# Pse evo



## Jhjparamed (Jun 12, 2012)

*evo*



fort run hunter said:


> Wanting some feedback on the EVO ... Love the look and design . Hows it shoot ?


 I am trading my Z7 for a 2012 PSE EVO. I shot several bows and the new evo is sweet. I am a 28 in draw at 70 lbs with a 430 grain arrow and shoot between 315 and 320 ft/sec.


----------



## iiplus (Feb 11, 2012)

I purchased the dram season EVO in the spring. I tried the Hoyt Vector Turbo, Carbon Element, Heli M bows. And then I shot the EVO. I knew it was the right bow immediately. Very balanced, quiet, great shooting bow. Smooth and very fast!


----------



## racknspur (Jan 24, 2007)

I assume you mean 2012? Well, I just picked up a used but excellent condition EVO after falling in love w/the 2011 AXE6 and 2010 Omen both of which I sold...I have a problem! I really kick myself for selling the AXE because so far the EVO is NOT faster, quieter and more shock free. Now don't get me wrong, the EVO is an awesome bow. Based on the reviews, I thought I would have to look down to see if the arrow was really gone. 

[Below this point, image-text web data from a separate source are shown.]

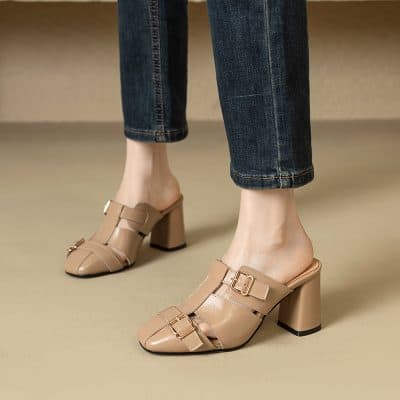 Elegant beige women's sandals with buckle details, perfect for fashionable footwear and stylish outfits.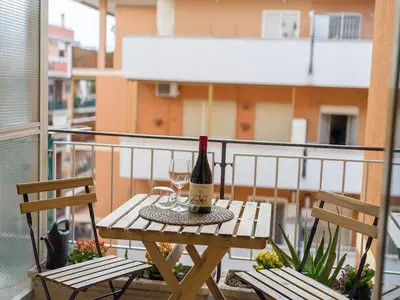 a bottle of wine sitting on a table on a balcony at Relax e Style, Kairos, the house of quality time in Rome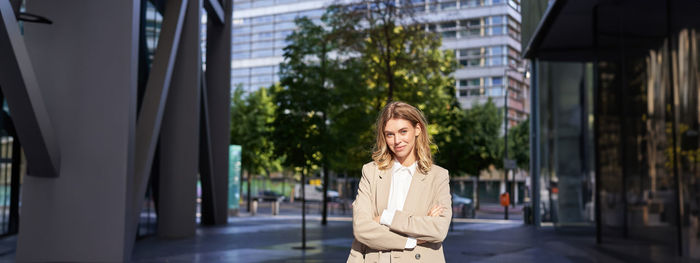 Portrait of woman standing in city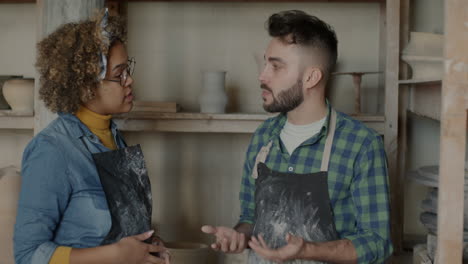 potters in a workshop discussing a design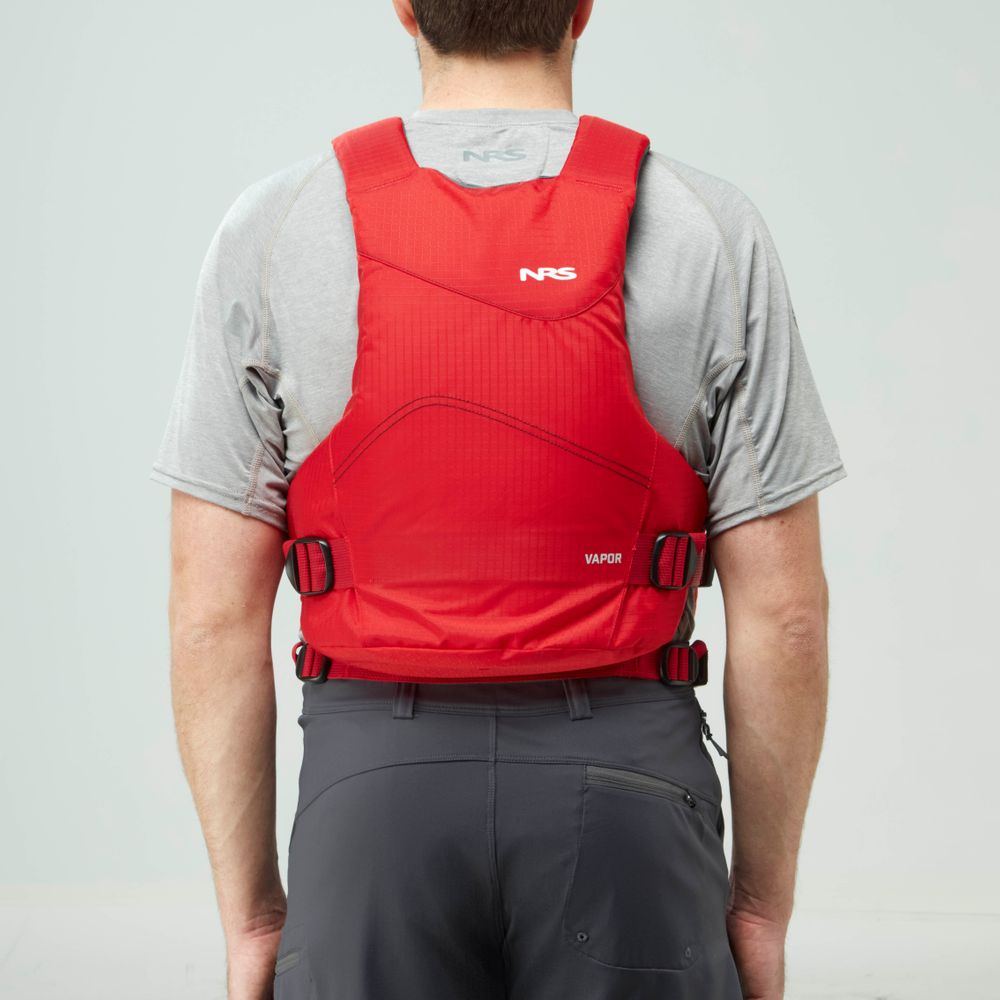 A person in a grey shirt and dark shorts, seen from behind, wears the NRS Vapor PFD life jacket in red—securely fastened and ideal for paddling adventures.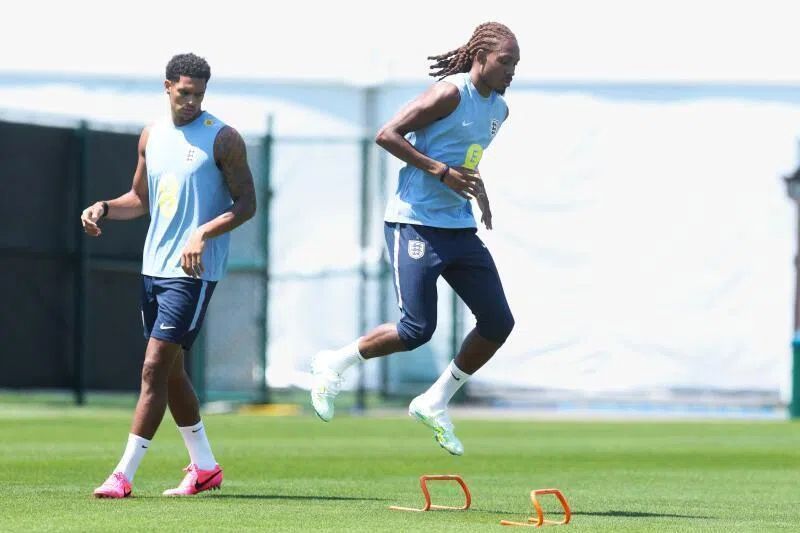 Djed Spence during training on June 20, 2026, with Jarel Quansah looking on in Kansas City. 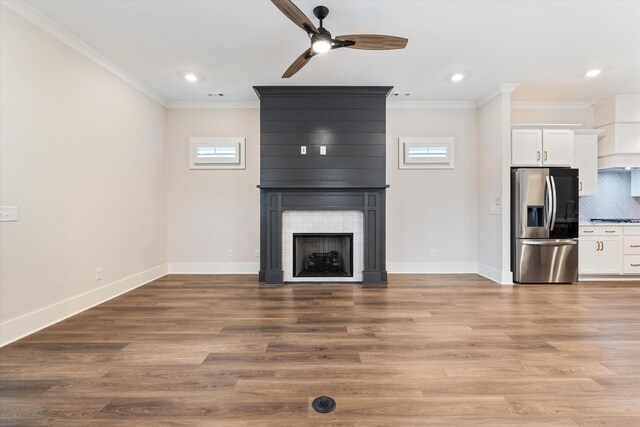 2620 Buckner Ln, Thompsons Station, TN 37179 - unfurnished living room featuring a ceiling fan, crown molding, a fireplace, recessed lighting, and wood finished floors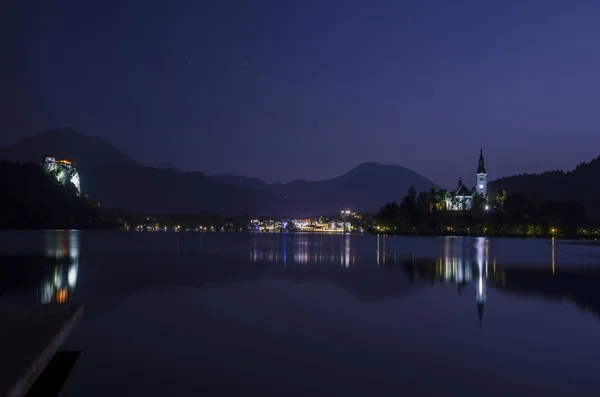 Vista noturna do lago Bled — Fotografia de Stock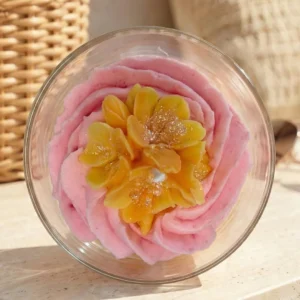 Vue de dessus d'une bougie artisanale au parfum floral de la collection printemps été 2026 par Muri Créations, présentant une cire fouettée rose et une fleur jaune pailletée au centre dans un contenant en verre.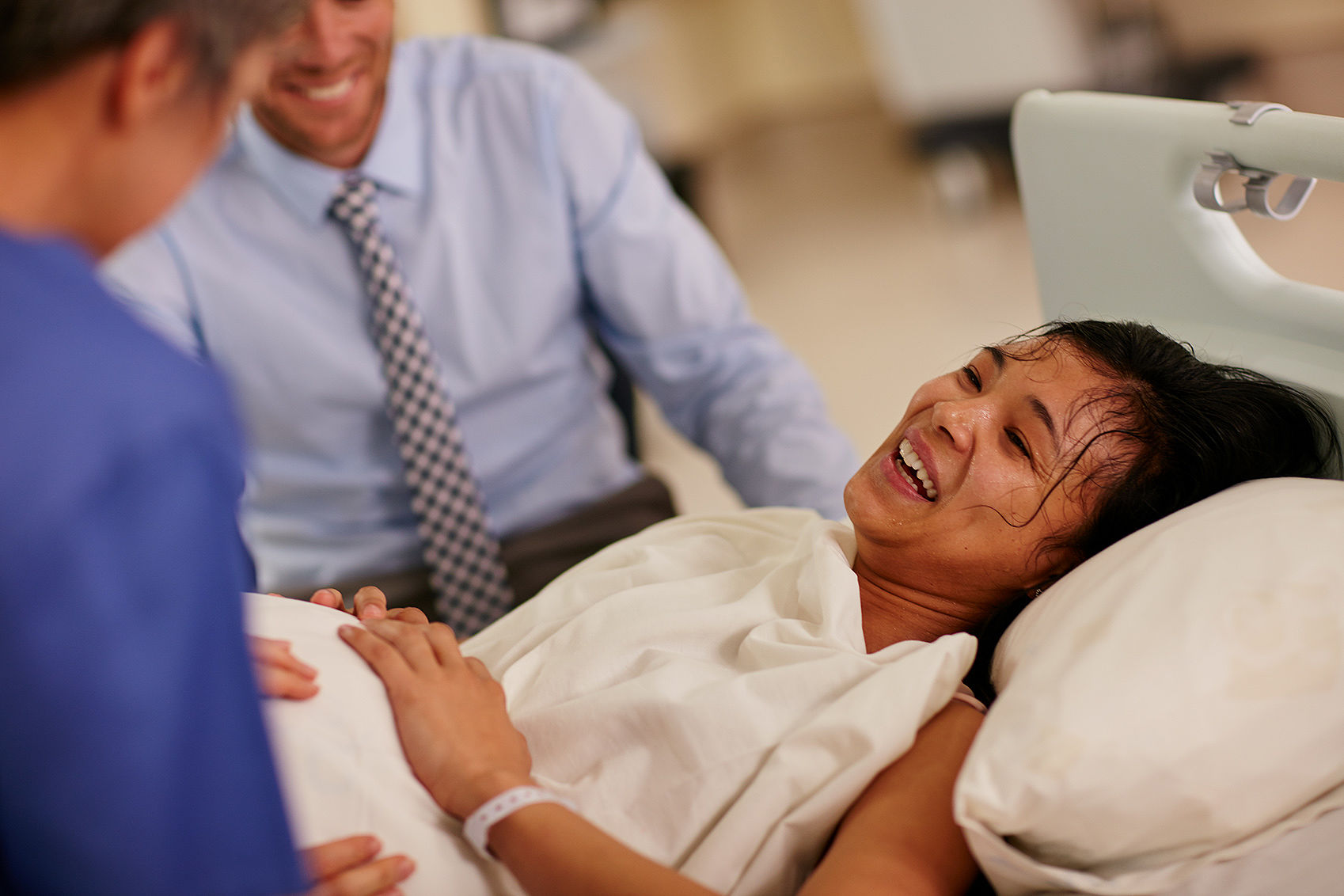woman undergoing mammogram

My EVO is stiff but smooth on the draw, has a pretty short valley which will take some getting used to, has a bit of a slap on the release (gonna play with a couple different stoppers) and surely has some hand shock/tuning fork vibe post shot. Yes, the cams are in perfect sync, all other specs are spot on and my arrows are 372 grains shot at 60lbs., plenty heavy enough. I did end up taking a twist or 2 out of the cables to bring the tuning lines on the cams more in line w/the cables and it did seem to help although the bow is maxing right at 60 or maybe just a hair under now.

Either my bow is the exception not the rule or I have been very spoiled w/my last couple bows, but all the reviews were mind blowing, perfect bow yada yada yada. I'm open to comments but I am also commited to getting used to the EVO. Oh, it is fast. Have not had a chance to chrono it yet though.


----------



## DarnYankee (Oct 24, 2007)

I just purchased a 2012 PSE Dreamseason EVO about a month ago and am very happy with it so far. The quality of the finish seems to be excellent as well as the quality of the components and overall construction. I spent several months shooting a range of new 2012 model bows including bows from PSE, Mathews, Bowtech and Elite. At the end of the day the PSE was the best fit for me. I think you would like the PSE EVO also but would recommend that you shoot several before making your decision. I am not biased to any particular brand as my previous bow was a 2007 Diamond Liberty. Best of luck.


----------



## Diamond_Victory (Jul 12, 2006)

has anyone done the draw module trick with the 2012 evos? The DNAs have been setting draw module half inch short then draw stop at actual length to get longer valley


----------



## bullrambler (Mar 11, 2006)

You can't go wrong with the PSE EVO. I just recently picked one up. And it shoots so accurately, that I was actually (pleasantly) surprised. It took me an hour to dial it in and kept shooting centre target more often then I ever have before.


----------